## DATA SUPPLIED
+--

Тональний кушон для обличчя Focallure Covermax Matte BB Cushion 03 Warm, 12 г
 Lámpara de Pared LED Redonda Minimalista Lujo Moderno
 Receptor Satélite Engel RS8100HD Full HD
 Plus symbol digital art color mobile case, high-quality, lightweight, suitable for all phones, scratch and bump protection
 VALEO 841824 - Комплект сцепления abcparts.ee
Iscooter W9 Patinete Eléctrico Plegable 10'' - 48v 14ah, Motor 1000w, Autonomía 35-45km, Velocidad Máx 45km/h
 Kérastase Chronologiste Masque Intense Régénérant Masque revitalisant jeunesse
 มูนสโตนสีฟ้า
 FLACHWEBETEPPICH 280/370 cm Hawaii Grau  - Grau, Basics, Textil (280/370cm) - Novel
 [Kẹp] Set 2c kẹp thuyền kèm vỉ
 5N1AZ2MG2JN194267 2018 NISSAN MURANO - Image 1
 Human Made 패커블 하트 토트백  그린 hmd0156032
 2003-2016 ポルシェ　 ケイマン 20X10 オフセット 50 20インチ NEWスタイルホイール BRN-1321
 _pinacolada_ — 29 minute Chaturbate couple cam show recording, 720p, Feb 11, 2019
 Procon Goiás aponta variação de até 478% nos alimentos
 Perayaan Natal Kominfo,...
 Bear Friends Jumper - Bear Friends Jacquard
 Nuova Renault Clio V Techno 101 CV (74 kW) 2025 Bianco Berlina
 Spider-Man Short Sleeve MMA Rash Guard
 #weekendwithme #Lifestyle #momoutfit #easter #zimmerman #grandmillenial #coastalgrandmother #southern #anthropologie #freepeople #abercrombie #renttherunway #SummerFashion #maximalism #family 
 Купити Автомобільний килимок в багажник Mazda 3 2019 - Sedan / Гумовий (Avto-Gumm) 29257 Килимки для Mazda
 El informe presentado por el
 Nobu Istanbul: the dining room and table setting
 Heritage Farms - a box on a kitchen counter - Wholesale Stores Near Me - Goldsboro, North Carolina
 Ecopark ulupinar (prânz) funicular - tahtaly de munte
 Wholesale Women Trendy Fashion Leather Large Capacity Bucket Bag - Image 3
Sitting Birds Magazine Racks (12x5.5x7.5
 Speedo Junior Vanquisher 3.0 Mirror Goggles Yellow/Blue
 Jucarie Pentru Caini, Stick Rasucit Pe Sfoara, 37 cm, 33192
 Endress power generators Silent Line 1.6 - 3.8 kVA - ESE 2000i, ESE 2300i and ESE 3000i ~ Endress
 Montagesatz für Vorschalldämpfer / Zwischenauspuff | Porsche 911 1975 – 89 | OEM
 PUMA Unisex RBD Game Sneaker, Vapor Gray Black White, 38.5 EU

+--

## EXERCISE GOAL
Would you copy, unchanged, the stretch of the records above that begins at the line containing "5N1AZ2MG2JN194267 2018 NISSAN" and ends at the line containing "Procon Goiás aponta", and only that?

## ANSWER TO THE PROBLEM
 5N1AZ2MG2JN194267 2018 NISSAN MURANO - Image 1
 Human Made 패커블 하트 토트백  그린 hmd0156032
 2003-2016 ポルシェ　 ケイマン 20X10 オフセット 50 20インチ NEWスタイルホイール BRN-1321
 _pinacolada_ — 29 minute Chaturbate couple cam show recording, 720p, Feb 11, 2019
 Procon Goiás aponta variação de até 478% nos alimentos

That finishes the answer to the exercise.